There is apparently no firm plan as to how the money would be delivered into an abductor's hands. "When they bring my daughter back safely," Ms. McDonald said, "then whatever it is that they ask for is going to be deposited into a safe account for them."

A little later, she added, "I know it sounds crazy. However they want to do it. If they want to drop Tori off, if they want to wait until they have the phone number, like whatever - they're the ones who are obviously holding the cards right now, not us, so I mean, whatever they ask for, the money is there, if that's what they want."
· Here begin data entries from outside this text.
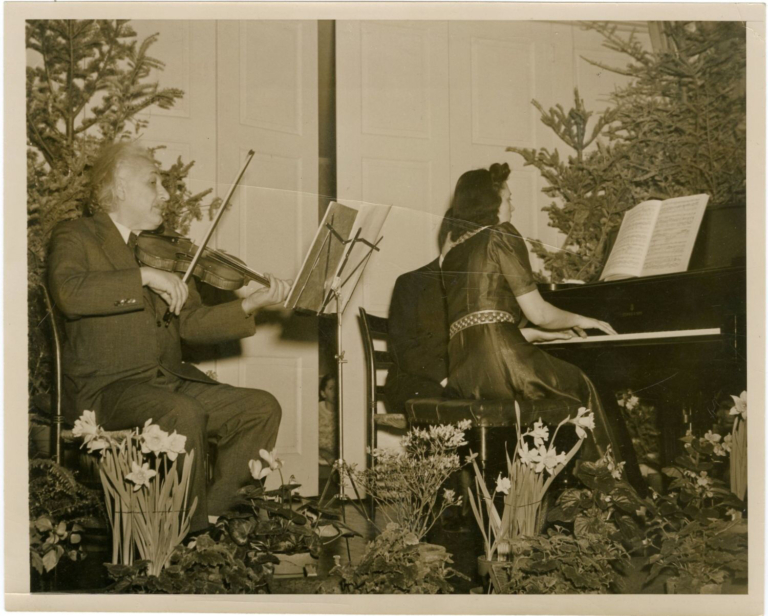 Relatively Musical:  Albert Einstein and Bohuslav Martinů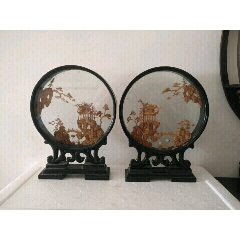 软木画摆件一对(se71423533)_7788收藏__收藏热线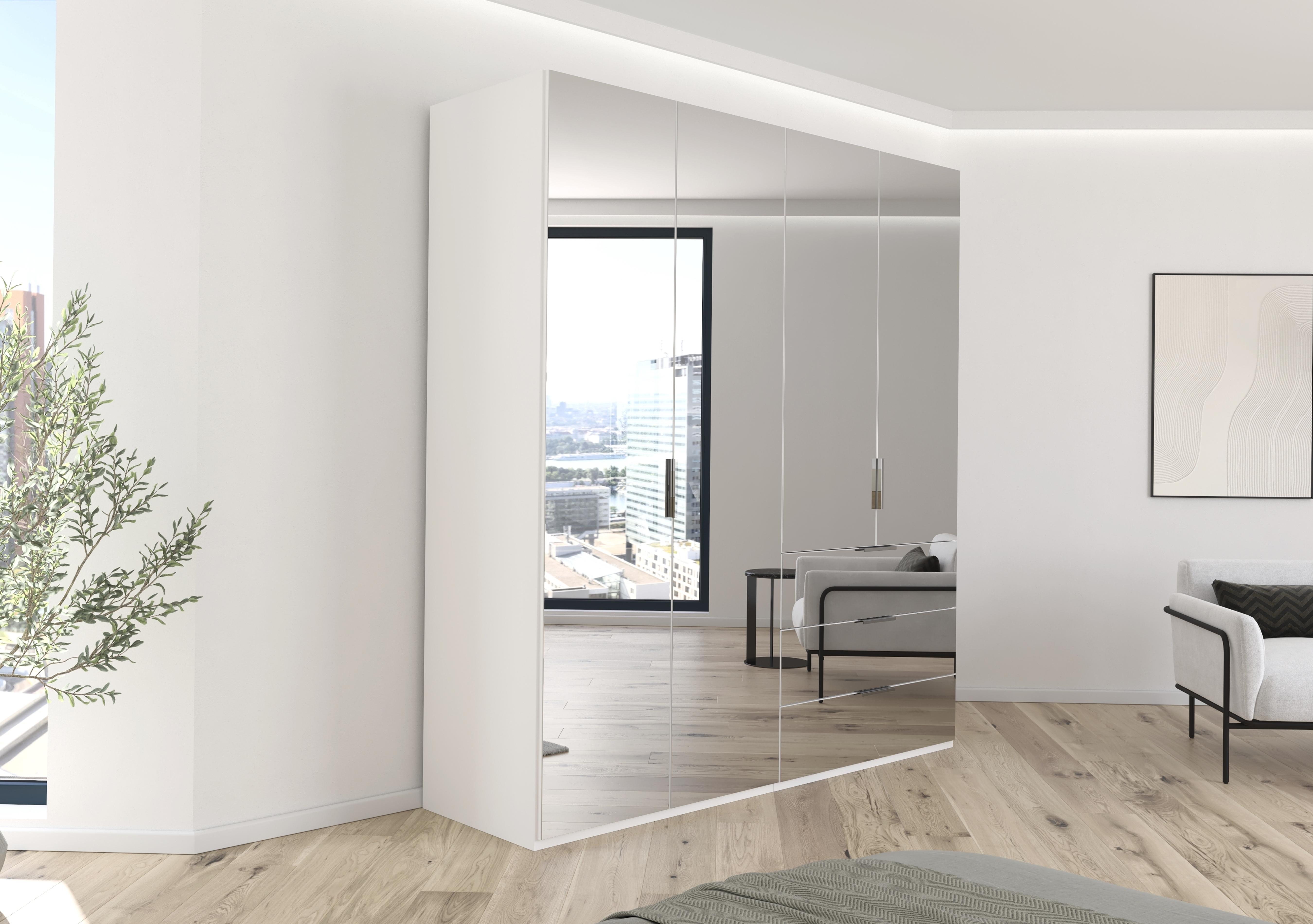 Formes 4 Door Bifold Combi Mirror Wardrobe in  on Furniture Village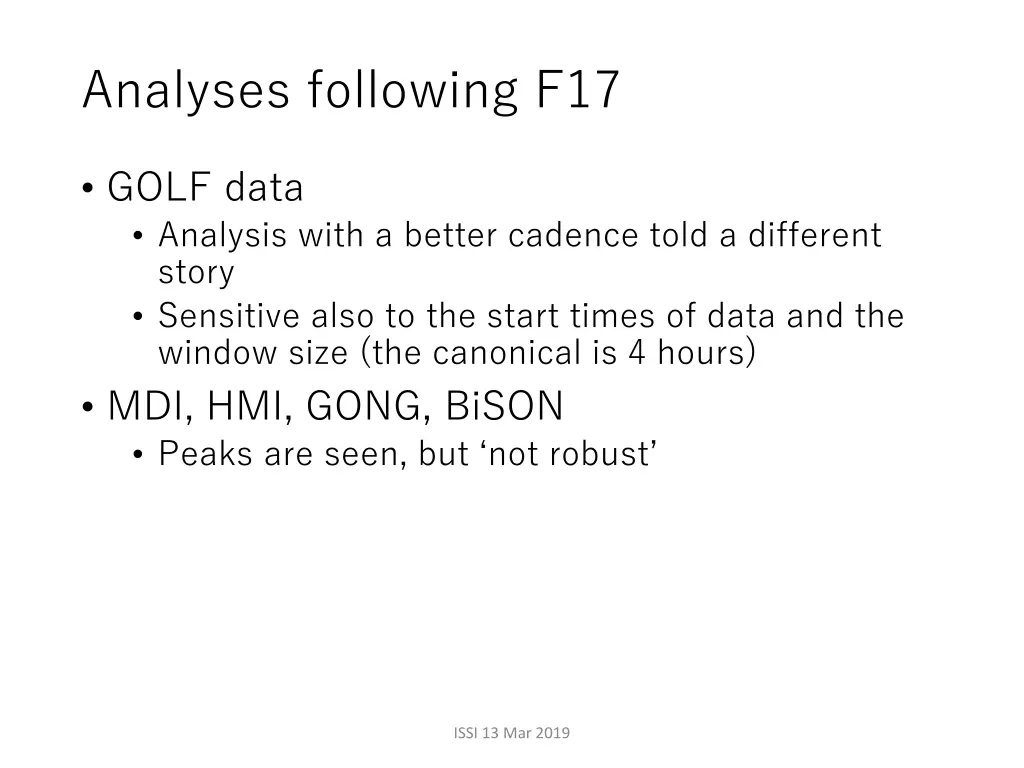analyses following f17 1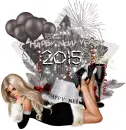 Happy new year 2015/Black and Silver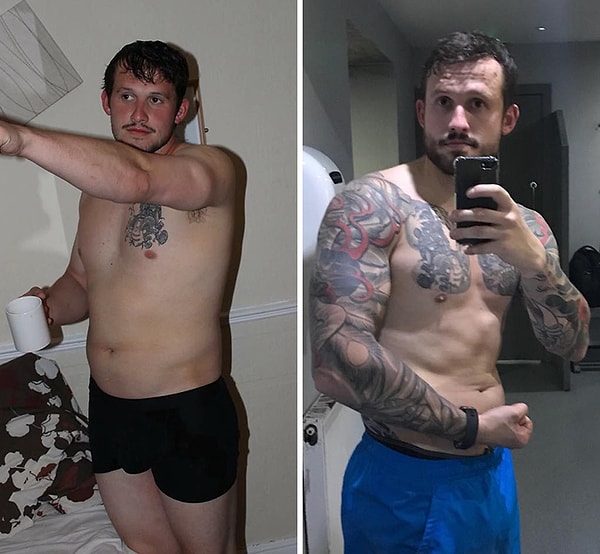 10. Период - пять лет, и я, примерно одинакового веса на обеих фото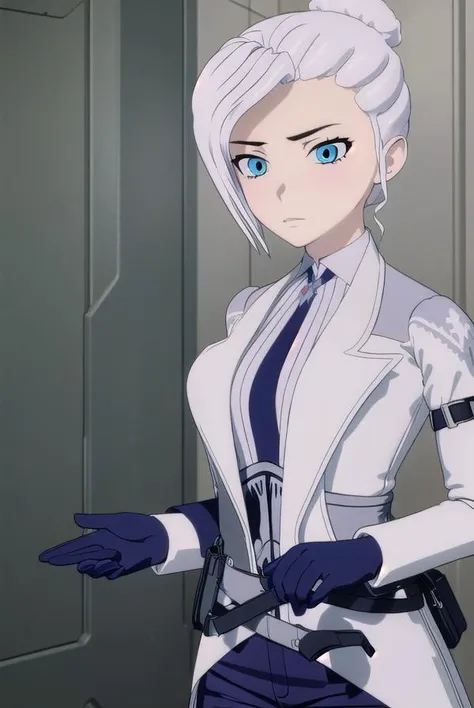 winterschnee, <lora:winterschnee-lora-nochekaiser:1>,
winter schnee, blue eyes, white hair, hair bun, single hair bun,
BREAK gloves, boots, necktie, black gloves, belt, pants, black footwear, uniform, high heels, coat, blue pants, knee boots, black necktie, high heel boots, white coat,
BREAK indoors, castle,
BREAK looking at viewer, (cowboy shot:1.5),
BREAK <lyco:GoodHands-beta2:1>, (masterpiece:1.2), best quality, high resolution, unity 8k wallpaper, (illustration:0.8), (beautiful detailed eyes:1.6), extremely detailed face, perfect lighting, extremely detailed CG, (perfect hands, perfect anatomy),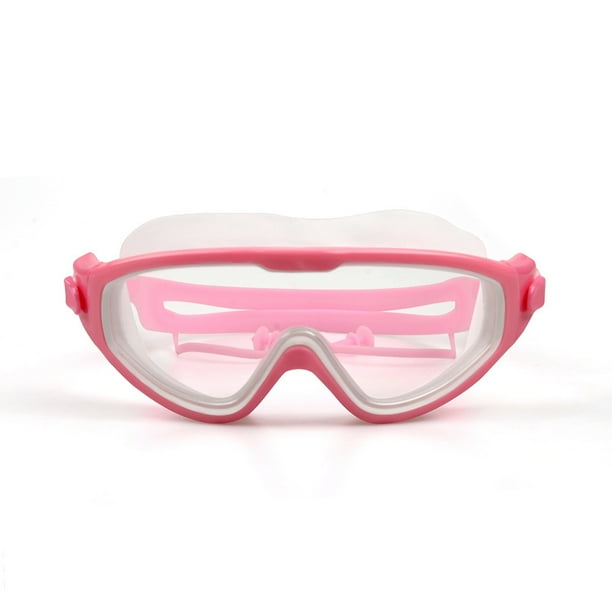 Gafas de natación para niños, gafas de visión amplia con tapones para los oídos
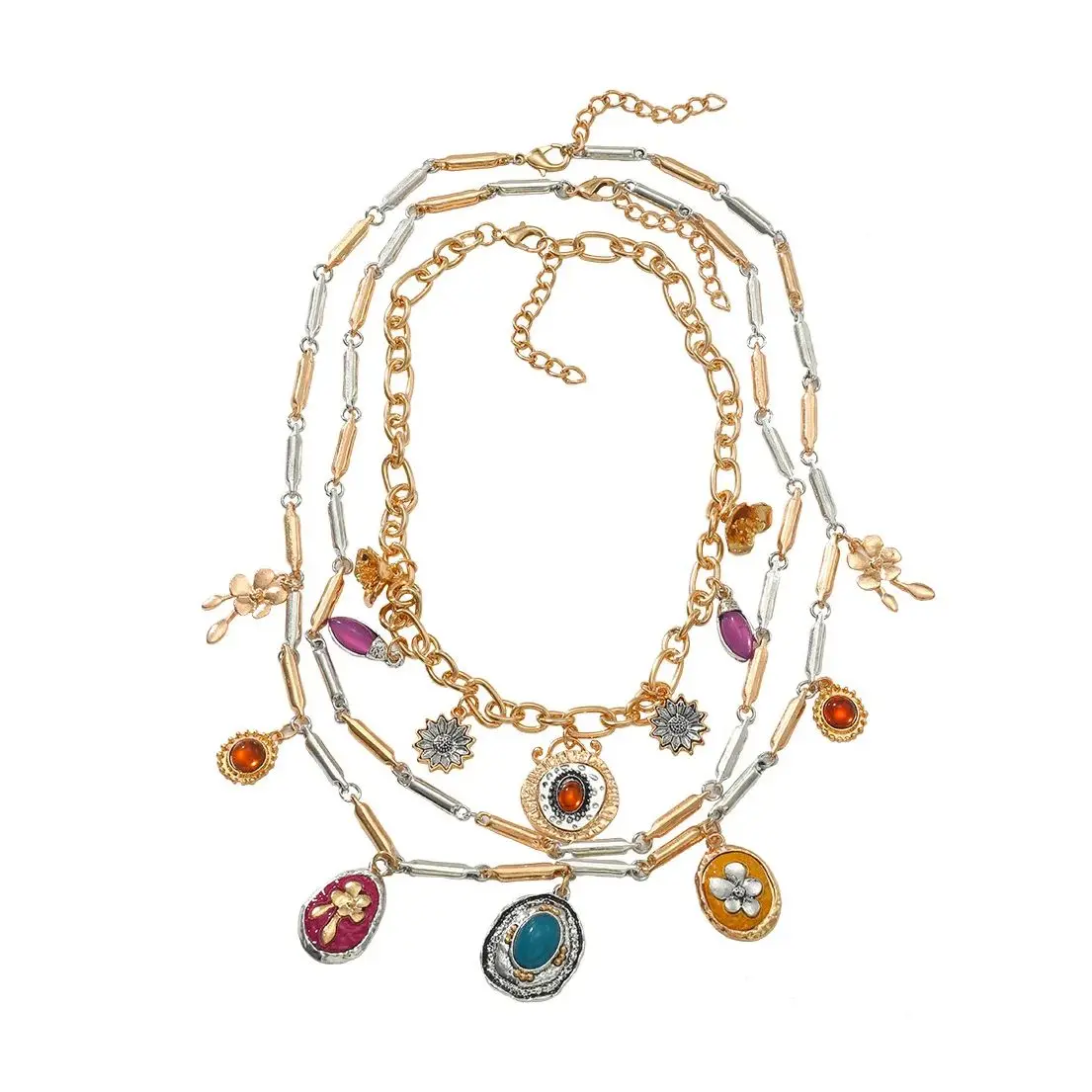 ZAA Multi-layer Personality Metal Water Drop Pendant Necklaces for Women Holiday Party Jewelry Gifts
ZAA Multi-layer Personality Metal Water Drop Pendant Necklaces for Women Holiday Party Jewelry Gifts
She said she has passed the two phone numbers given her by the benefactor to the police, whose spokeswoman, Constable Laurie-Anne Maitland, said only that "police have the information Tara's been given." While she said "everything is taken as possible evidence," Constable Maitland said the focus of the now-massive police investigation remains "in locating Tori."

Last night, the Oxford Community Police Service issued a press release announcing its own $50,000 reward for information leading to the arrest and conviction of the person or persons responsible fot the little girl's abduction. Constable Maitland said the reward was unrelated to any money allegedly offered by the mystery benefactor.

Ms. McDonald told Ms. Mulligan in an interview aired last evening that she has revised her belief that a stranger took her daughter, and now agrees with friends who "feel somebody who we know has taken Tori and they have no idea, they were just being mildly vindictive, and it went so far out of control so fast they have no idea what to do now."

"Mildly vindictive," after a child has been gone for 21 days, seems a curiously mild way of framing things.